▶ **AVAILABLE DATA**
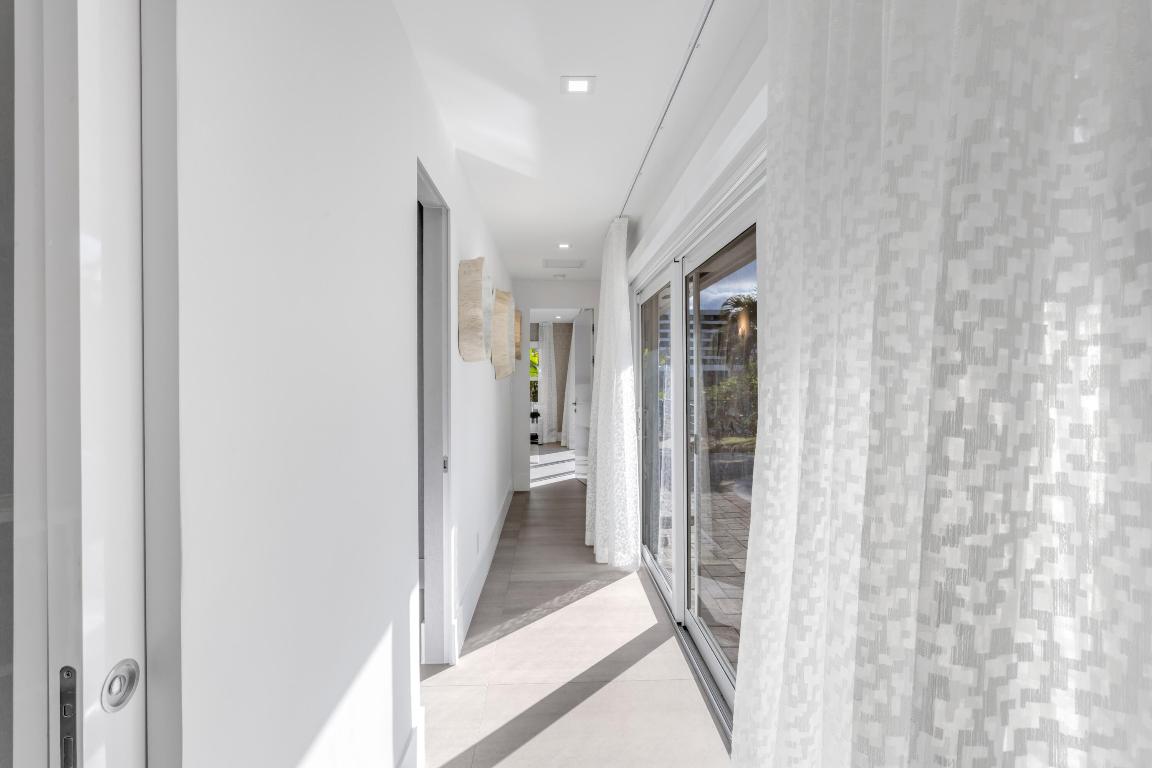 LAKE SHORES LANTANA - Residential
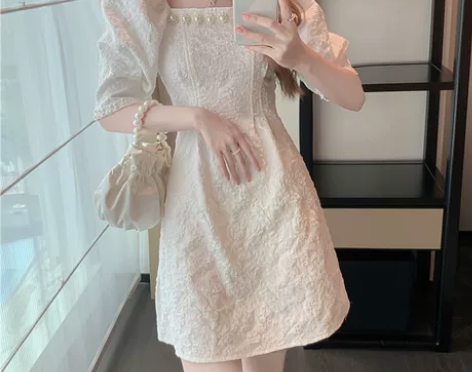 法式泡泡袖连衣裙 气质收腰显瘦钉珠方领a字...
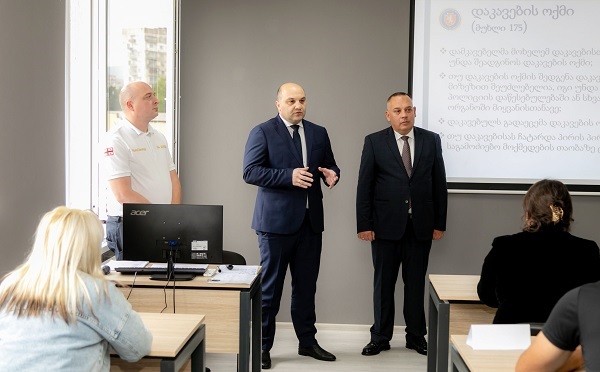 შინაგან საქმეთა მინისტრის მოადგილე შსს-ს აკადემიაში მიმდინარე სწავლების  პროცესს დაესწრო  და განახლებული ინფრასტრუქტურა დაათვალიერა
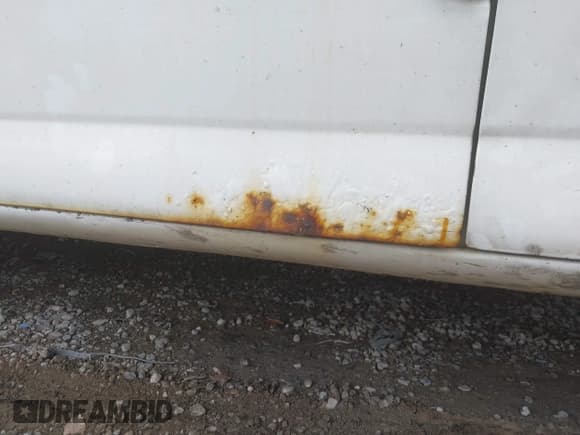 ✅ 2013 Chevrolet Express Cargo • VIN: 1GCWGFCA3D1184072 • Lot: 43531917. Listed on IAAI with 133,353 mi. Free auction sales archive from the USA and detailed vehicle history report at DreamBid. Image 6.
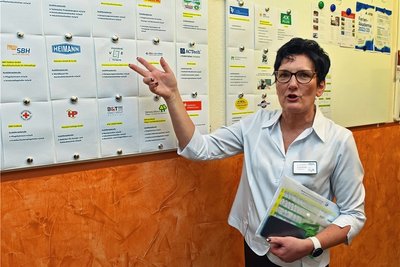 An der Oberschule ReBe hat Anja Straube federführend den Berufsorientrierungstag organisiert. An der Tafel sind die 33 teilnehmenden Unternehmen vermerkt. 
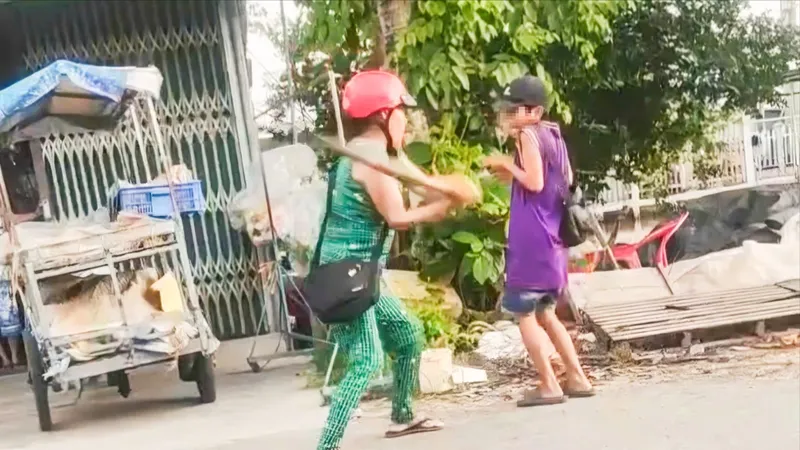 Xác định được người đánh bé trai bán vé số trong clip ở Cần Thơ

--

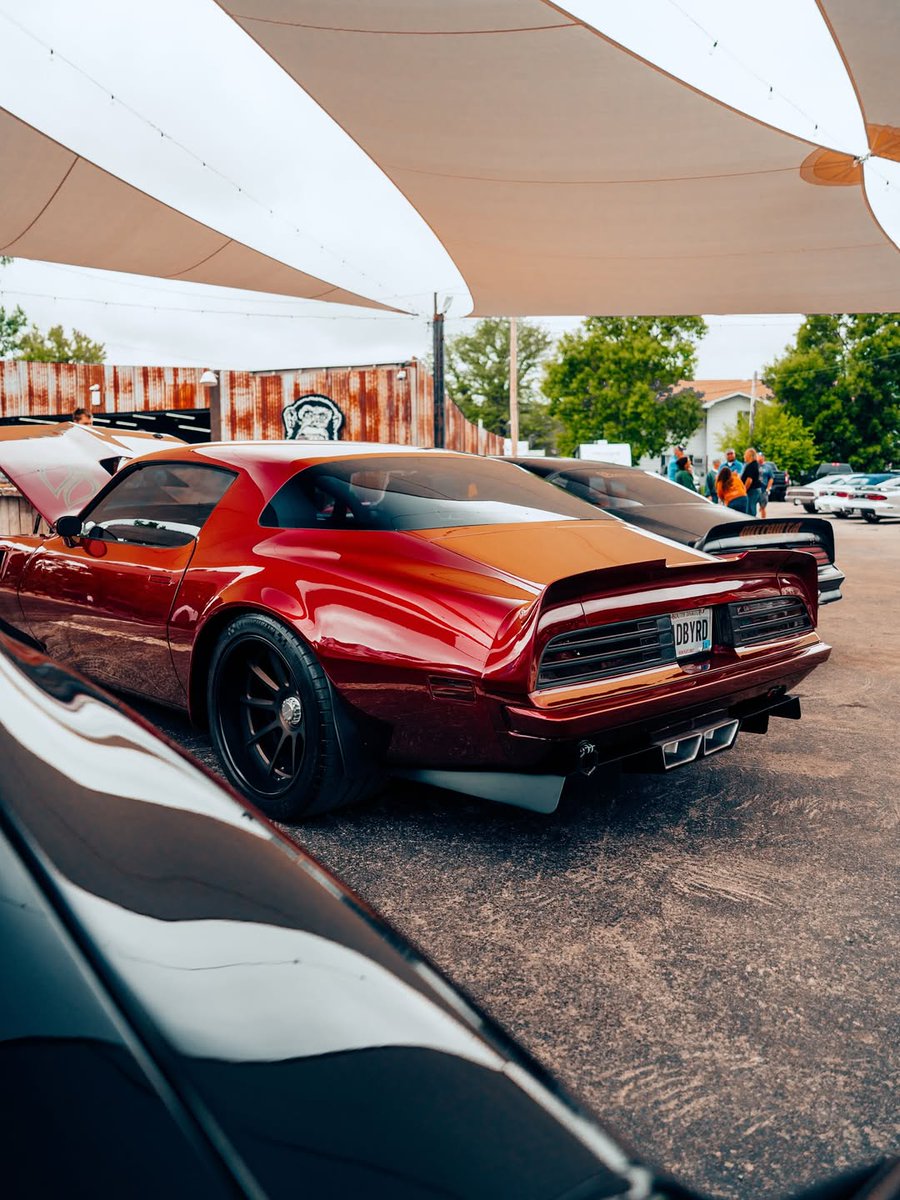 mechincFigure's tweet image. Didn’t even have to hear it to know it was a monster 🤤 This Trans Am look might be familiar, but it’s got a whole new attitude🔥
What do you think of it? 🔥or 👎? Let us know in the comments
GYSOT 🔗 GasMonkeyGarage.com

▶ **THE PROBLEM**
Here the job is to copy the listing above word for word, starting at the line with "LAKE SHORES LANTANA - Residential" and ending at the line with "Xác định được", and to leave out the pictures.

▶ **RESULT OF THE TASK**
 LAKE SHORES LANTANA - Residential
 法式泡泡袖连衣裙 气质收腰显瘦钉珠方领a字...
 შინაგან საქმეთა მინისტრის მოადგილე შსს-ს აკადემიაში მიმდინარე სწავლების  პროცესს დაესწრო  და განახლებული ინფრასტრუქტურა დაათვალიერა
 ✅ 2013 Chevrolet Express Cargo • VIN: 1GCWGFCA3D1184072 • Lot: 43531917. Listed on IAAI with 133,353 mi. Free auction sales archive from the USA and detailed vehicle history report at DreamBid. Image 6.
 An der Oberschule ReBe hat Anja Straube federführend den Berufsorientrierungstag organisiert. An der Tafel sind die 33 teilnehmenden Unternehmen vermerkt. 
 Xác định được người đánh bé trai bán vé số trong clip ở Cần Thơ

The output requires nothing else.